L’editoria italiana, sempre più in crisi di autori, di idee e perfino di carta, prova a sopravvivere a se stessa, giacché costantemente a corto di ossigeno sintattico, a colpi di tosse autoindotti, irregolari; estratti, quasi liberati, da un’omeopatica devozione alla qualità di una sparuta ma tenace maestranza indipendente.

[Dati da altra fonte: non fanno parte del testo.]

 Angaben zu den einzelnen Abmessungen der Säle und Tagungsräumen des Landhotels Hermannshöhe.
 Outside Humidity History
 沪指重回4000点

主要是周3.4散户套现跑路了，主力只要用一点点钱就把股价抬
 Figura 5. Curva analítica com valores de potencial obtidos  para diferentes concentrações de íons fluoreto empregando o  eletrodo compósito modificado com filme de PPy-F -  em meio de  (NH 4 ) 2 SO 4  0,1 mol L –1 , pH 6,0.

Ci dà sollievo, per esempio, il ritorno allo splendore della casa editrice emiliana Diabasis che, fondata dal visionario Alessandro Scansani, a cavallo tra gli anni Ottanta e Novanta si iscriveva alla testa della piccola editoria emergente, fino a essere definita da Claudio Magris una delle case più interessanti del panorama nazionale. Dopo un periodo di crisi, dovuto anche alla dipartita del suo genitore, Diabasis da qualche anno sta gradualmente riattivando un filone di narrativa benfatta in cui risuona la memoria dei fasti della collana “Al buon corsiero” e da cui si può già riestrarre qualche pepita purissima (pensata, selezionata e incastonata in una logica propositiva di rieducazione alla lettura attiva) come “Alchimia Ars Moriendi” di Davide Barilli. Un libro che, in poco meno di settanta pagine, ci restituisce il piacere di una cifra narrativa ribelle agli schemi prefabbricati raschia scaffale. Siamo risucchiati in una dimensione psichica, posizionata nel 1540, in cui il pittore Parmigianino ci apre un passaggio tra la vita e la morte, svelando meccanismi e interazioni indescrivibili se non attraverso la costruzione di uno scenario transdimensionale, surreale, onirico: il tantrismo ortodosso tibetano pre buddista (evocato dalla sepoltura a corpo nudo) si sovraimprime a un contestualizzazione rinascimentale meramente allusiva in cui il paesaggio fantastico risveglia la memoria emotiva di alcune sequenze de “La montagna sacra”. E di “Santa Sangre”.
L’oro che, secondo l’alchimia può sconfiggere la degenerazione cellulare, è l’archetipo del sogno d’immortalità. E la scavazione spasmodica dell’oro quale elemento necessario alla sublimazione dell’arte ne è metafora. Di Barilli sapevamo gli eleganti elzeviri e i romanzi, finemente rivoltosi come il suo ricciolo nero, stilosi come il suo sigaro e la camicia sbottonata. Ma, in questo mini capolavoro di atmosfere alla Jodorowsky, elargisce una scrittura di rara astensione, scevra di invadenze estetiche, pur concedendosi ben più di una pennellata manierista: ciascuna allo stretto servizio dell’impianto narrativo, declinato su un periodare fluido e moderno, libero da ruffianerie, trucchetti e standard. Scandito da sintassi euritmica.